The University of Nebraska System will work to set "a new model for student access and success" and invest in people, workforce development and research strengths under an updated strategic plan released today by President Ted Carter.
The plan – an update of the document the NU System created in 2020 following a collaborative process with students, faculty, staff and stakeholders from across the campuses – is accompanied by new sets of metrics by which the university will measure its progress in key areas like enrollment, student outcomes, research, workforce development, faculty salaries and spending efficiencies.
The goal, Carter said in remarks to the Board of Regents, is to provide Nebraskans confidence about the return on their investment in the university at a time when higher education is uniquely positioned to help address the most crucial economic development and quality of life issues facing the state.

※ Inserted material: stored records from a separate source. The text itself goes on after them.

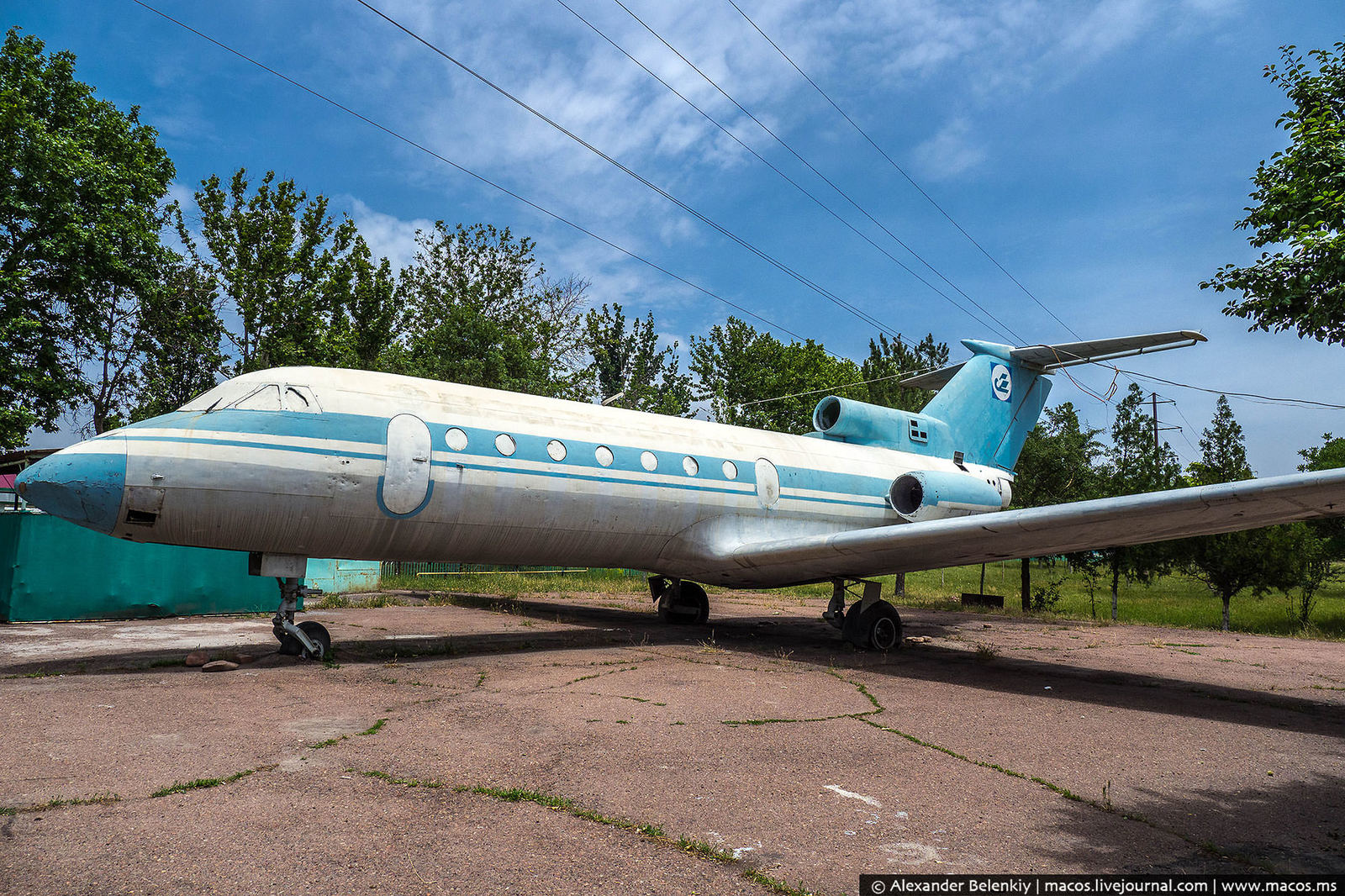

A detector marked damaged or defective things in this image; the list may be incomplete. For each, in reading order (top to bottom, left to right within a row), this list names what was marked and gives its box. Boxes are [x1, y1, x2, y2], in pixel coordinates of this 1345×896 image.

cracked concrete pavement [3, 586, 1345, 888]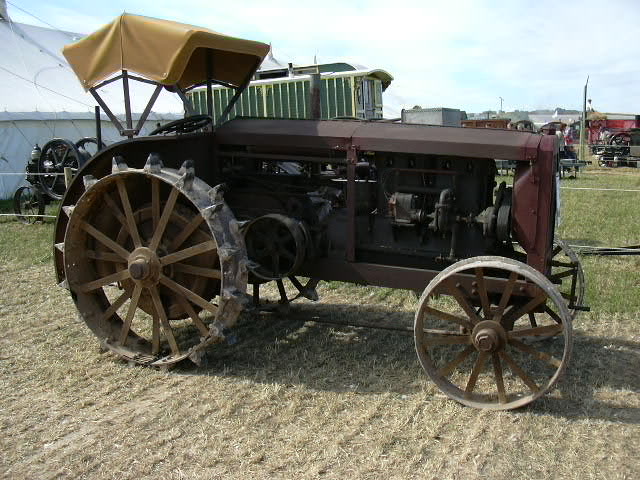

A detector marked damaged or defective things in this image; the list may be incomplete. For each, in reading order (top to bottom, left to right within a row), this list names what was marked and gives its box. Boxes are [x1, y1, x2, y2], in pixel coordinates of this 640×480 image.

rusty metal surface [215, 117, 540, 160]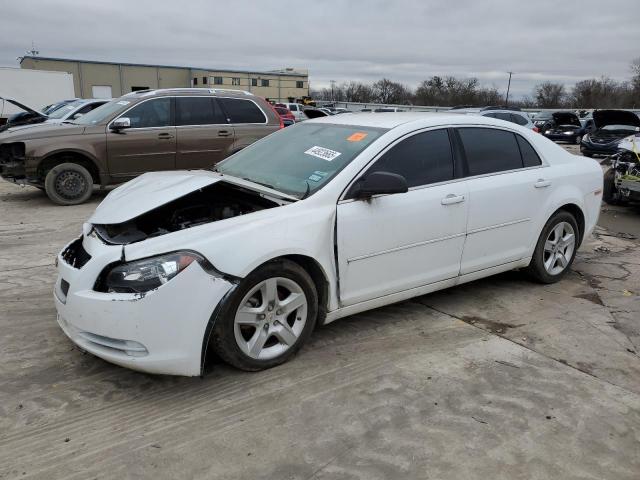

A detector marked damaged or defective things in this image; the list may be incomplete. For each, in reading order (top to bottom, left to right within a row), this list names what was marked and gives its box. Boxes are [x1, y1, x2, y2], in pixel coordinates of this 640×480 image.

crushed hood [592, 109, 636, 128]
crushed hood [90, 171, 300, 225]
broken headlight housing [99, 251, 206, 292]
exposed headlight [100, 251, 206, 292]
damaged front bumper [54, 232, 235, 376]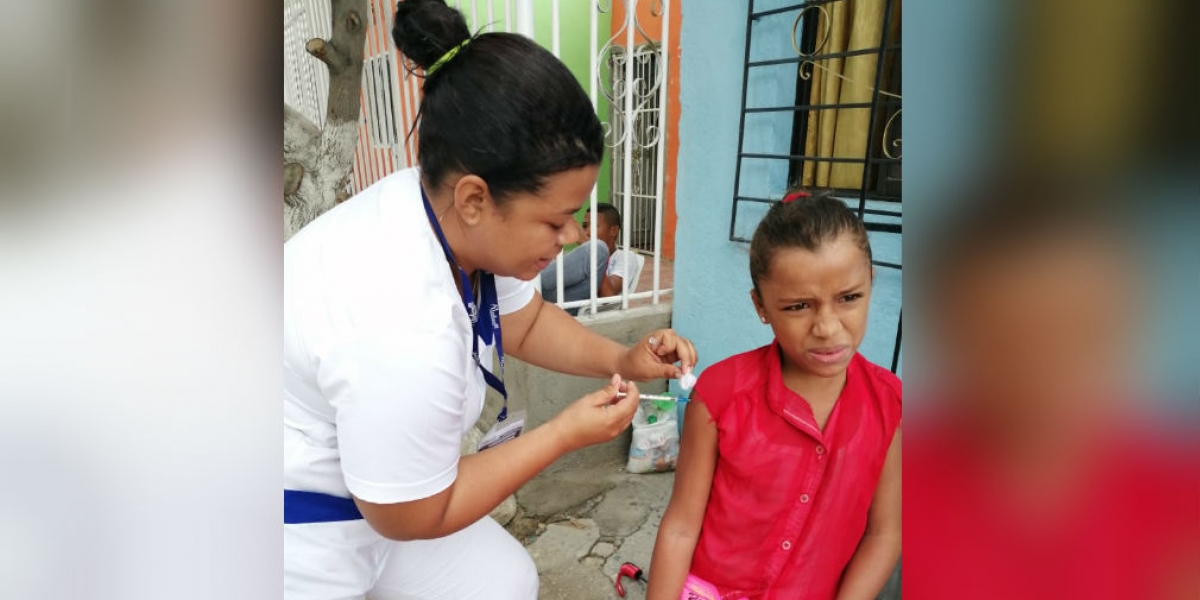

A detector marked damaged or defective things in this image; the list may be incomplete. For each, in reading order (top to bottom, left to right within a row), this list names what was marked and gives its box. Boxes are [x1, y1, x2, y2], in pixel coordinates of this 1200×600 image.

cracked concrete ground [506, 453, 676, 600]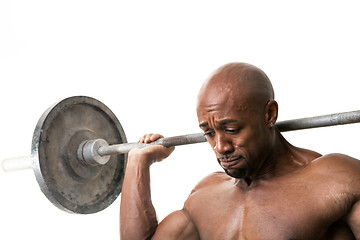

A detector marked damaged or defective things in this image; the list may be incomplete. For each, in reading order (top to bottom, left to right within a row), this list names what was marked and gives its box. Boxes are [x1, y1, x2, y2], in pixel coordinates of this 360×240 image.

rusty weight plate [31, 95, 127, 214]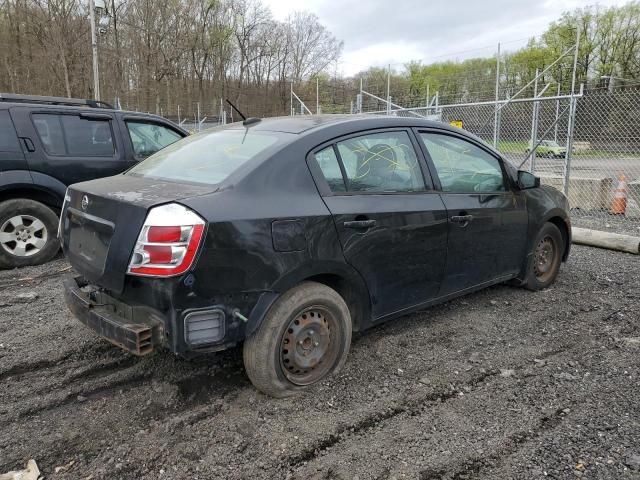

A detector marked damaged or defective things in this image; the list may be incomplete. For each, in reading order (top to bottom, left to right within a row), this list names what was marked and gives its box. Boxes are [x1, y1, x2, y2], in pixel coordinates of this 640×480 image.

"It is remarkable to look at all we have accomplished together over the past few years, even under extraordinary circumstances," Carter said. "From creation of the Nebraska Promise, to a historic deferred maintenance partnership with the state, to a multi-year financial plan to emerge from the pandemic stronger than before – we have been focused on actions to serve Nebraskans.
"Now it’s time to do more. The value proposition for higher education has never been greater. The needs of our state, our workforce and the world are as urgent and complex as they have ever been. Higher education must help lead the way forward."
The full, updated strategic plan is available here. Carter said it aims to accomplish five broad goals:
1. Create a new model for student access and success, through an expanded Nebraska Promise program providing tuition-free education to qualifying Nebraska students; growth in NU’s Open Nebraska initiative to reduce textbook costs; and new strategies to reach the 300,000-plus Nebraskans with some college but no degree, among other efforts.
2. Win the competition for talent, heeding what Carter deemed a "clarion call from business leaders" to significantly grow Nebraska’s skilled workforce, including in fields like healthcare, engineering, teaching and IT. In calling 2022 “the year of the internship,” Carter said every student should have access to a paid internship, study abroad or some other experiential learning opportunity.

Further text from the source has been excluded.